> _Goal of the exercise_: Repeat exactly the stretch of lines that starts with the one containing "Pirinç Charm Zirkon" and ends with the last line of the material. Leave out pictures.

+===+

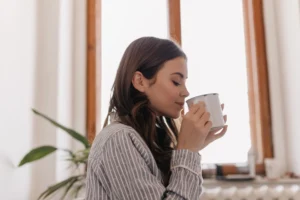 Berapa Banyak Air Hangat yang Sebaiknya Diminum Setelah Bangun Tidur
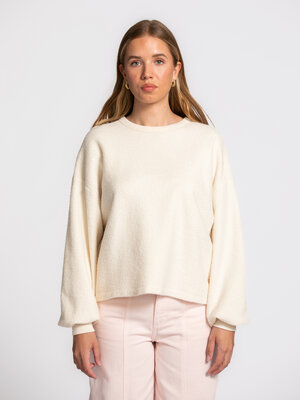 Sweat Bobypark. Teddy vibes all day! Ce pull tout doux dans une chaude couleur crème vous donne un air douillet et chic. ...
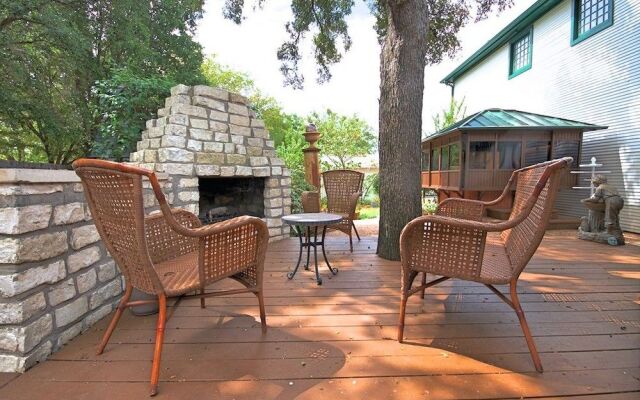 Granbury Gardens Bed and Breakfast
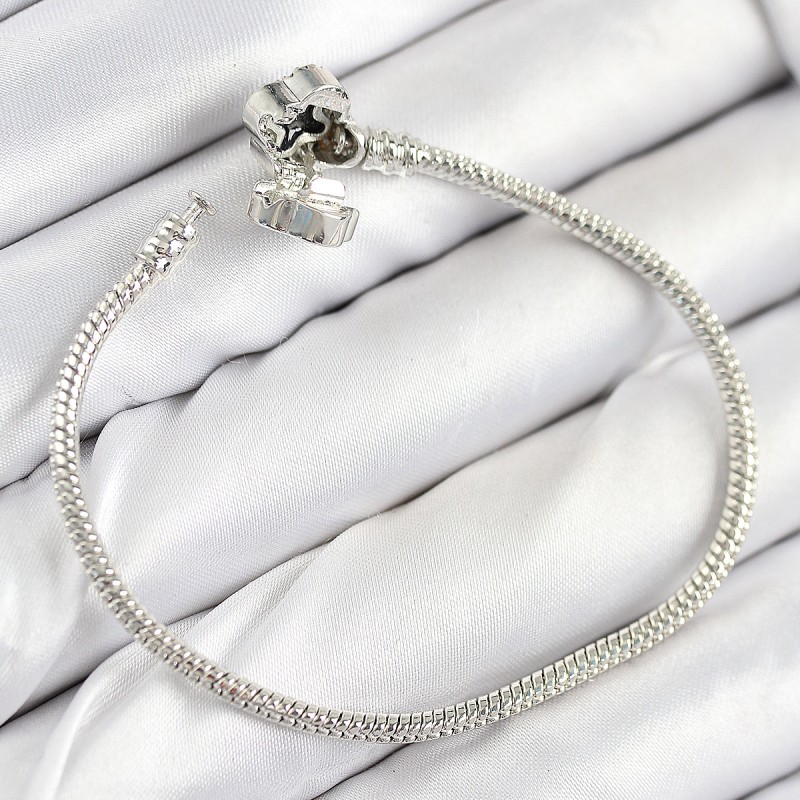 Pirinç Charm Zirkon Taşlı Yonca Model Gümüş Renk Kadın Bileklik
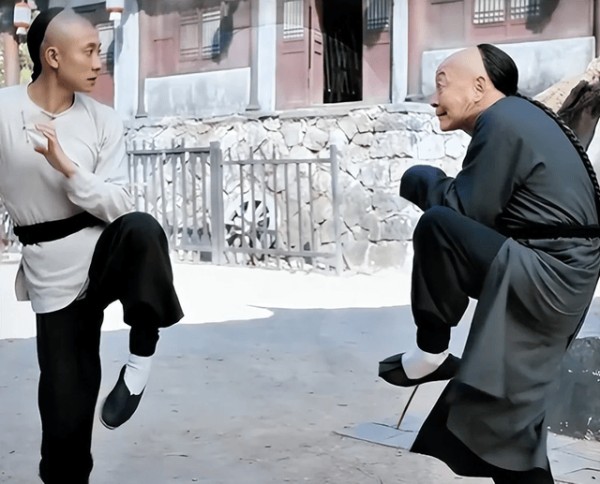 从武丑龙套到梨园宗师：读懂《云雀叫天录》里孟金福的逆袭人生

+===+

> _Task solution_:
 Pirinç Charm Zirkon Taşlı Yonca Model Gümüş Renk Kadın Bileklik
 从武丑龙套到梨园宗师：读懂《云雀叫天录》里孟金福的逆袭人生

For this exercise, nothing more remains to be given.